En visitant le domaine du Mount Vernon, l’ancienne propriété du premier président des États-Unis, Georges Washington, je fus surprise d’y trouver un lien avec la France, exposé dans le couloir central de la maison. Là, sous mes yeux, conservée sous verre, accrochée au mur de l’ancienne maison du président Georges Washington se trouvait la clé originale de la Bastille. J’étais à la fois fascinée et curieuse de savoir comment cet objet historique avait pu se retrouver dans le Mount Vernon en Virginie. Autre fait intéressant, la chambre à coucher Lafayette (désignée du Marquis de Lafayette), dans laquelle se trouvait exposé son portrait. Apparemment, il y avait un lien entre les deux, mais à ce moment je ne savais ni comment, ni pourquoi.
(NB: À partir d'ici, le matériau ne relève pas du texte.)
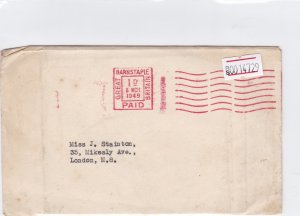 barnstable  1949 square box  machine cancel postmark  stamps cover ref r14729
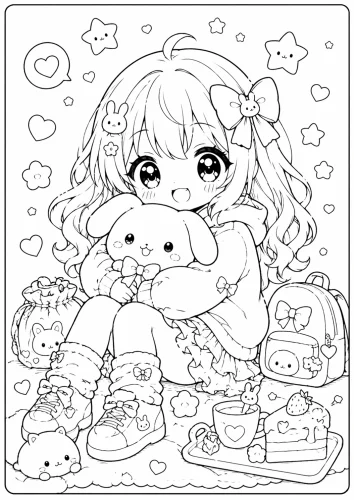Tranh tô màu cô bé chibi ôm cún giữa vườn hoa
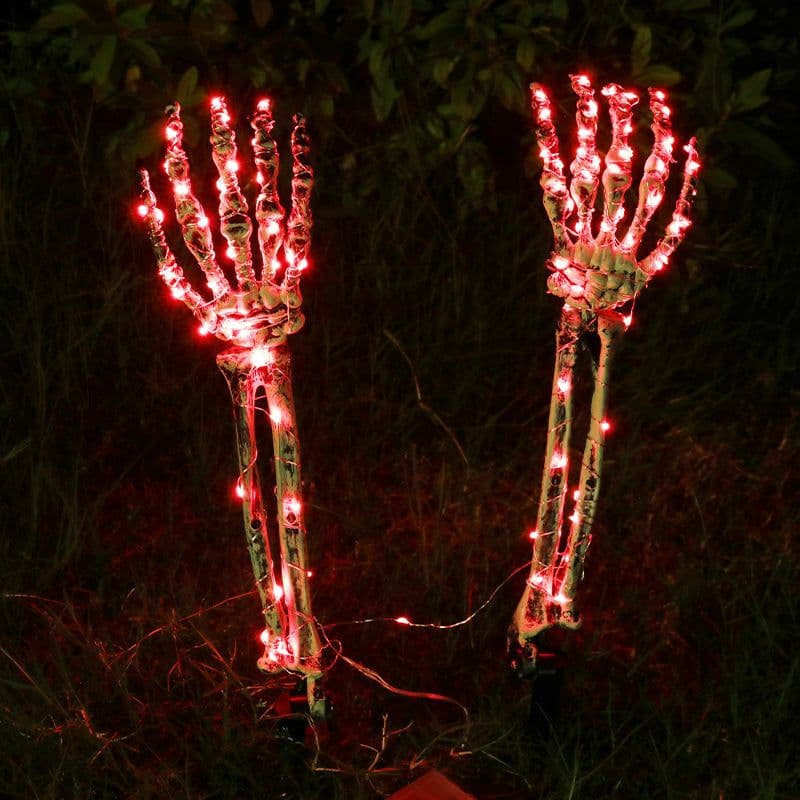 image-Halloween LED Light Up Skeleton Arm Hand Halloween Party Outdoor Home Garden Yard Lawn Decoration Haunted House Horror Props Halloween Decorative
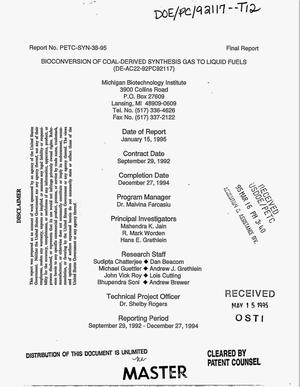 Bioconversion of coal-derived synthesis gas to liquid fuels. Final report, September 29, 1992--December 27, 1994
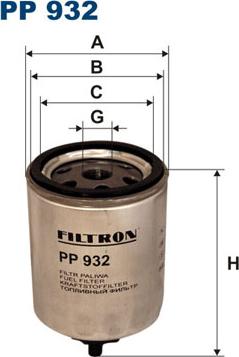 Filtron PP932 - Топливный фильтр unicars.by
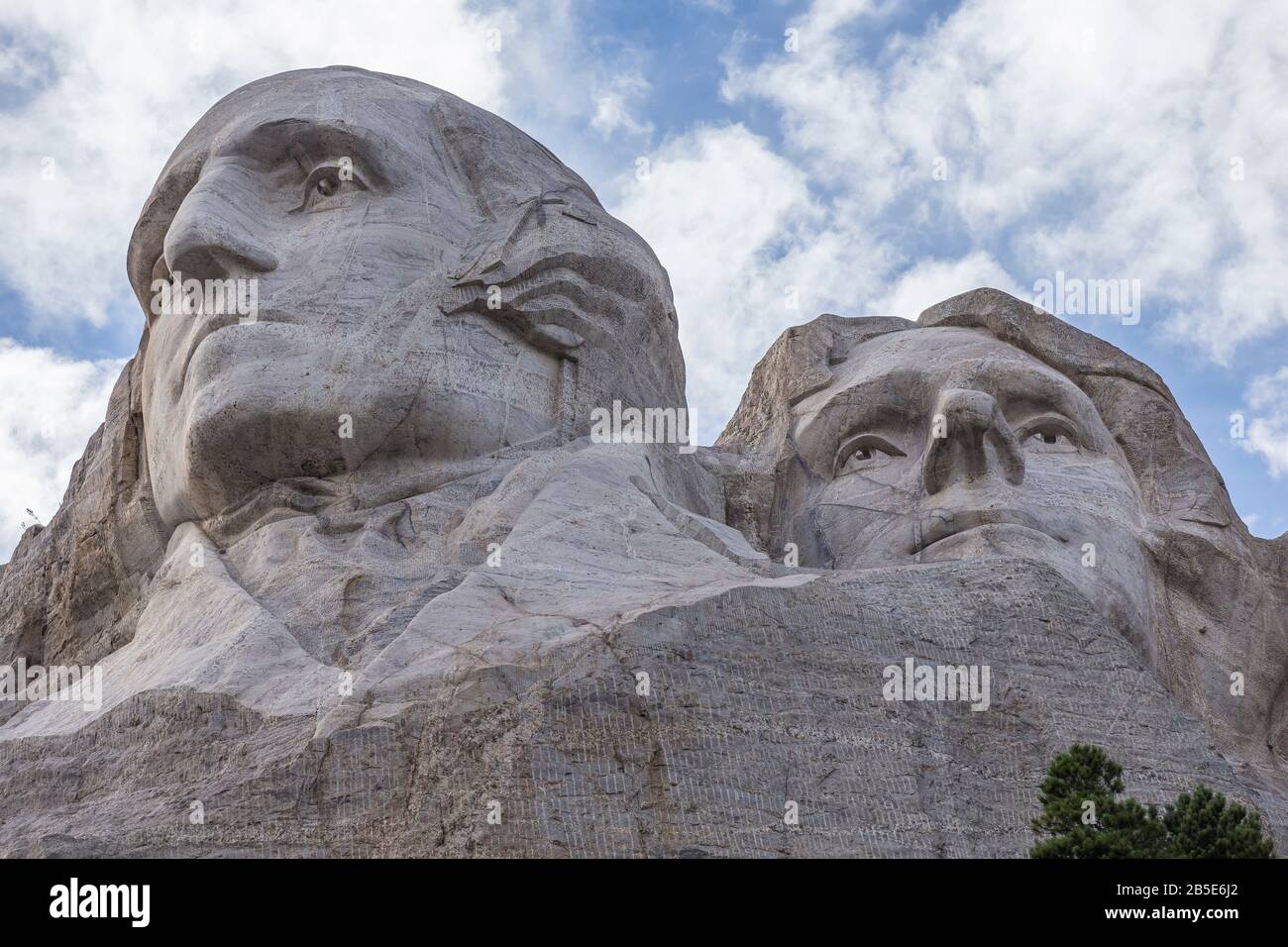 Les visages de George Washington et Thomas Jefferson sur Mt. Rushmore Dans Le Dakota Du Sud. Banque D'Images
Georges Washington acquit le Mount Vernon en 1761 de son demi-frère, qui en avait hérité de son père, Augustine Washington. Durant ces 45 années passées au Mount Vernon Georges n’eut de cesse de construire et remodeler la propriété, la dotant de 21 pièces ; c’est cette même structure que l’on peut voir aujourd’hui. Georges Washington est le seul président des Etats-Unis qui n’a jamais vécu à la maison blanche, étant donné que sa construction ne fut pas achevée avant sa mort. Il passait son temps à Philadelphie, lieu où résidait le gouvernement avant de s’installer à Washington D.C., et chez lui au Mount Vernon.
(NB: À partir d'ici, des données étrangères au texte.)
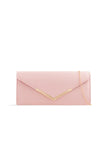 Bolso de mano tipo sobre de ante rosa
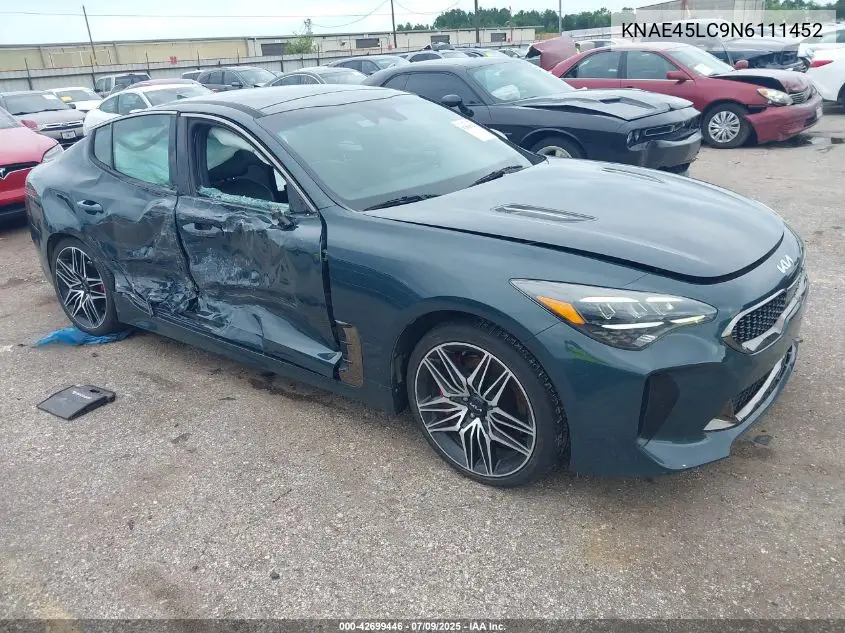 2022 Kia Stinger Gt1 VIN: KNAE45LC9N6111452 Lot: 42699446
Marie Joseph Paul Yves Roch Gilbert du Motier, également connu sous le nom du Marquis de Lafayette, est né en 1757. Il faisait partie d’une des plus anciennes familles de France ; parmi ses ancêtres, certains avaient pris part aux croisades aux côtés de Jeanne d’Arc. Lorsque Gilbert avait deux ans, son père fut tué au combat durant la guerre de sept ans. A l’âge de onze ans, sa mère décède, il hérite alors d’une des plus grandes fortunes de France. Lafayette fut nommé « mousquetaire noir » après avoir obtenu un grade de capitaine de l’armée française en 1771 ; il n’avait que 14 ans. A l’âge de 16 ans il prit pour épouse une femme de grande fortune, elle aussi, et de haut rang, Marie de Noailles.
En 1775, lorsque le gouvernement dû réduire ses dépenses militaires, Lafayette perdit son aide financière. Plus tard, lors d’un dîner dans la ville de Metz, il rencontra le Duc de Gloucester, le frère du roi britannique Georges III. Lors de ce dîner, leur discussion portait sur les colons américains qui s’élevaient contre le pouvoir britannique. Les colons révolutionnaires étaient désireux de s’auto-gouverner, et ne souhaitaient plus être sous l’autorité britannique. Dans ses mémoires, Lafayette écrit : « Mon cœur était engagé et je ne pensais qu’à joindre mes couleurs à celles des révolutionnaires. » Il étudia toutes les caractéristiques de la révolution américaine et projeta de s’engager dans l’armée continentale qui avait été mise en place par les colons sous l’autorité de Georges Washington.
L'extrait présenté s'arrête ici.